= About this task =
The answer must consist solely of the lines below starting at the one containing "Black JIS 10K" and ending at the one containing "groene boerderijtuin", repeated exactly, with both ends included and all pictures omitted.

= Task data =
----------
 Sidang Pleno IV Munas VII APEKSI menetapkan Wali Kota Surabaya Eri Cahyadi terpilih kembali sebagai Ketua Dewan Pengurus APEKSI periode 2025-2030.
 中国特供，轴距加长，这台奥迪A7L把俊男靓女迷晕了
----------
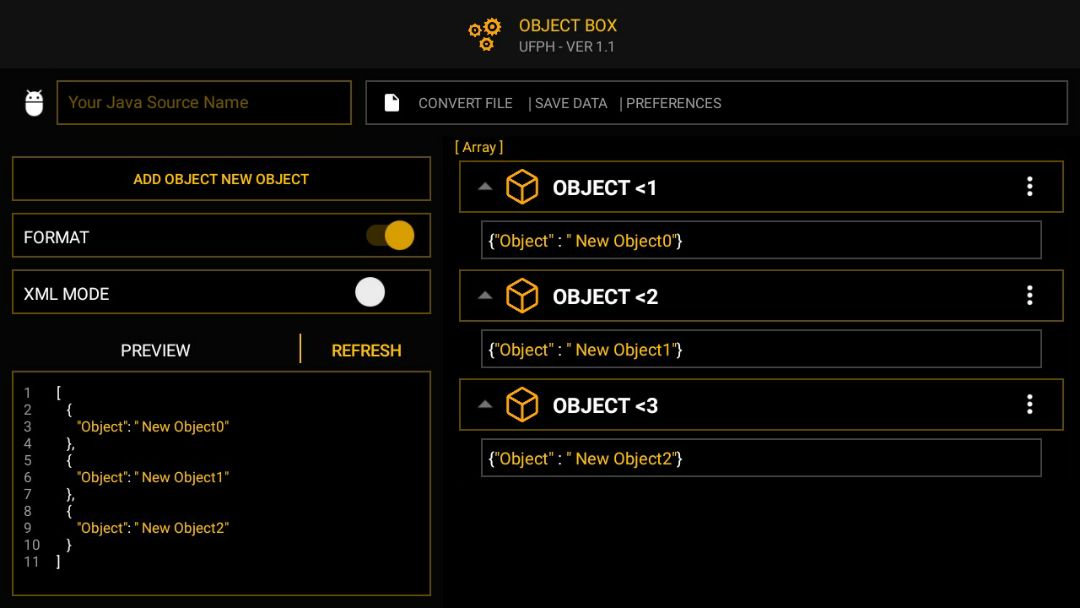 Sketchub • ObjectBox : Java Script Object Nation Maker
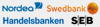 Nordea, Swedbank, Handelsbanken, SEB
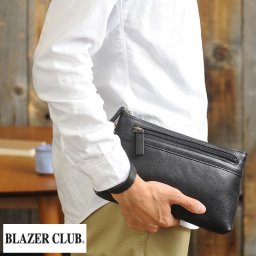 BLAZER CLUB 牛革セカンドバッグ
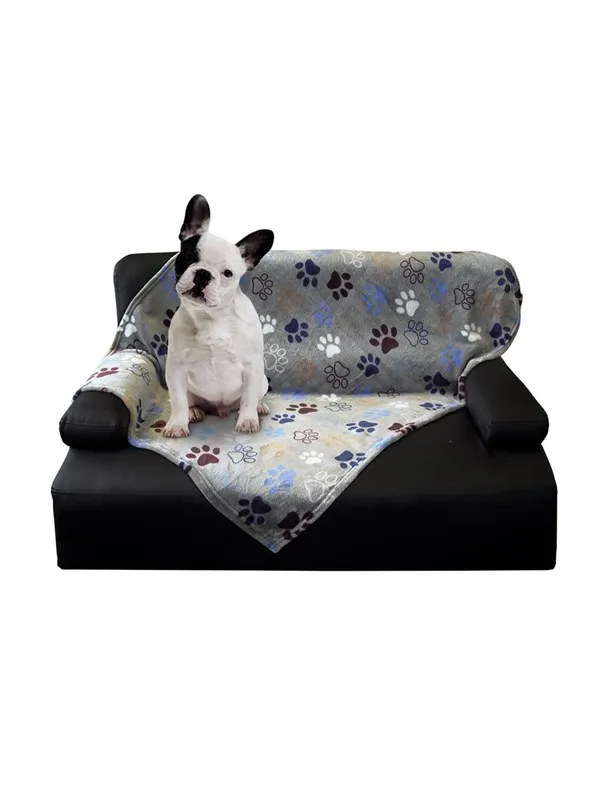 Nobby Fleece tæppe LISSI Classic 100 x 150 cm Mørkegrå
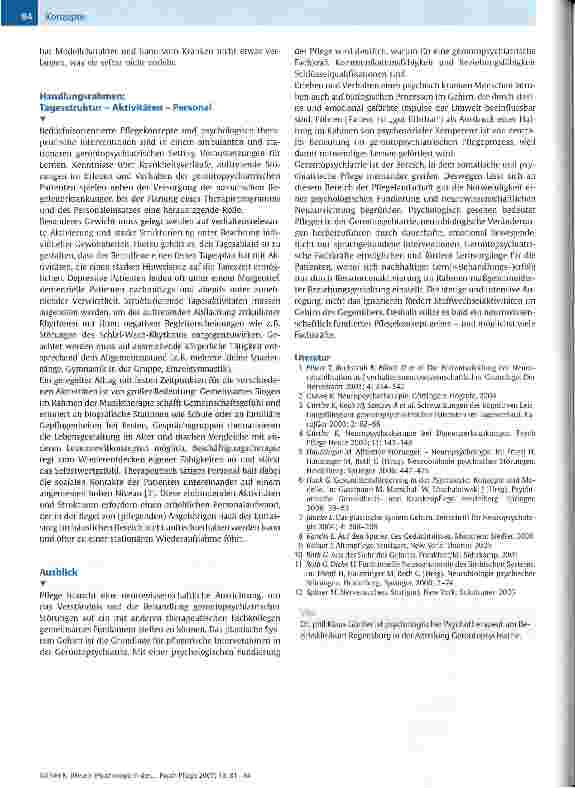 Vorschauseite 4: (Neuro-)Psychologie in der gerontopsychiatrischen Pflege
----------
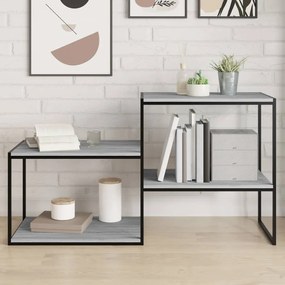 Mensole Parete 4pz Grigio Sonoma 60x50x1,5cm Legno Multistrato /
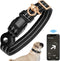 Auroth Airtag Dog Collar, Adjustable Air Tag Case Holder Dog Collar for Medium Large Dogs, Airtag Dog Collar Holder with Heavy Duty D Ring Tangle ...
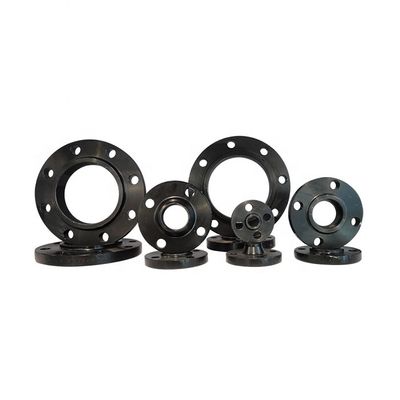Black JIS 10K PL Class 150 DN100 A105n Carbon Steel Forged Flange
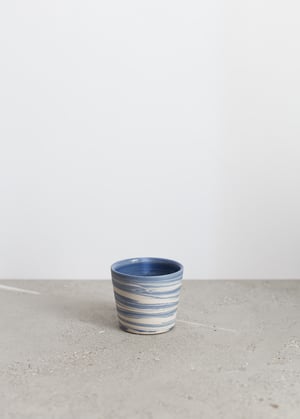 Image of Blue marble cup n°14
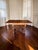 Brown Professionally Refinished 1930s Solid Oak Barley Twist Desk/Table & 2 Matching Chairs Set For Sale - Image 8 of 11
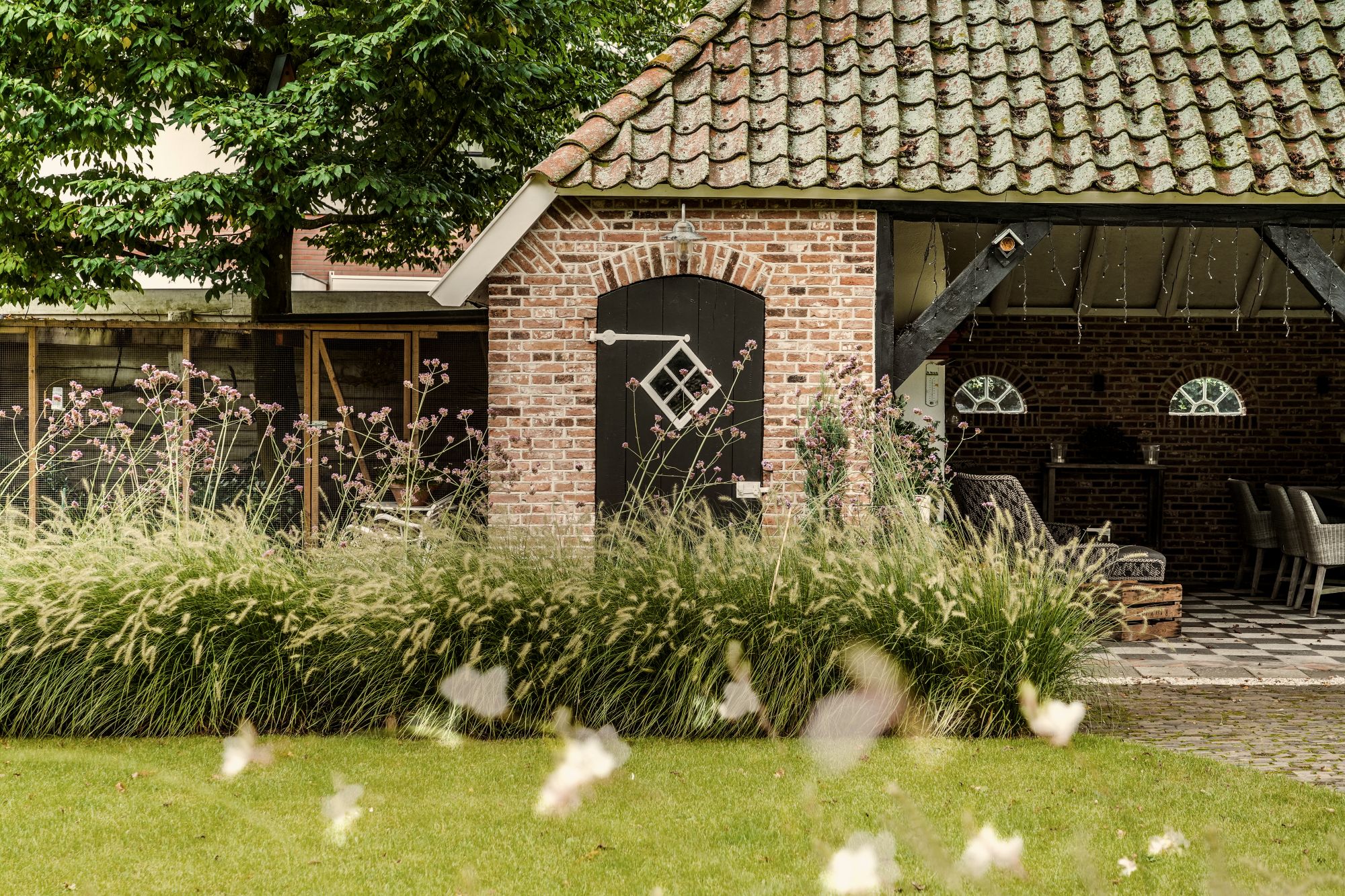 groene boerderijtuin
----------
= Solution to the exercise =
Black JIS 10K PL Class 150 DN100 A105n Carbon Steel Forged Flange
 Image of Blue marble cup n°14
 Brown Professionally Refinished 1930s Solid Oak Barley Twist Desk/Table & 2 Matching Chairs Set For Sale - Image 8 of 11
 groene boerderijtuin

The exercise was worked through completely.